This does not use fread
but does read the file into an SQLite database in a single pass and then only sending the desired rows into R and no others.
It will first read the file into an SQLite database that it creates for you on the fly and will do so without going through R so that R limitations do not apply to that step. Then it will only read into R the indicated rows so that as long as the rows selected (as opposed to the entire file) can fit into R you should be OK. At the end the database is automatically destroyed.
Below, you may need other args to read.csv.sql
such as header
and sep
depending on the file. See ?read.csv.sql
and ?sqldf
and note that there are differences on the arguments available relative to read.table
arguments.
library(sqldf)
from <- seq(350, 19350, 1000)
where <- paste( sprintf("(rowid between %d and %d)", from, from+500), collapse = " or ")

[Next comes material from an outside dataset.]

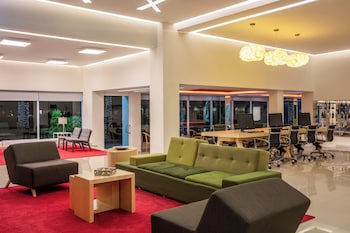 Fiesta Inn San Luis Potosi Glorieta Juarez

fn$read.csv.sql("myfile.csv", sql = "select * from file where $where")
Note 1: You can check the sql statement like this:
sql <- fn$identity("select * from file where $where") # sql holds text of SQL command
read.csv.sql("myfile.csv", sql = sql)
Note 2: Here is a self contained example:
library(sqldf)
# write test file
write.table(data.frame(a = 1:20000), "myfile.csv", row.names = FALSE)
from <- seq(350, 19350, 1000)
where <- paste( sprintf("(rowid between %d and %d)", from, from+500), collapse = " or ")
DF <- fn$read.csv.sql("myfile.csv", sql = "select * from file where $where")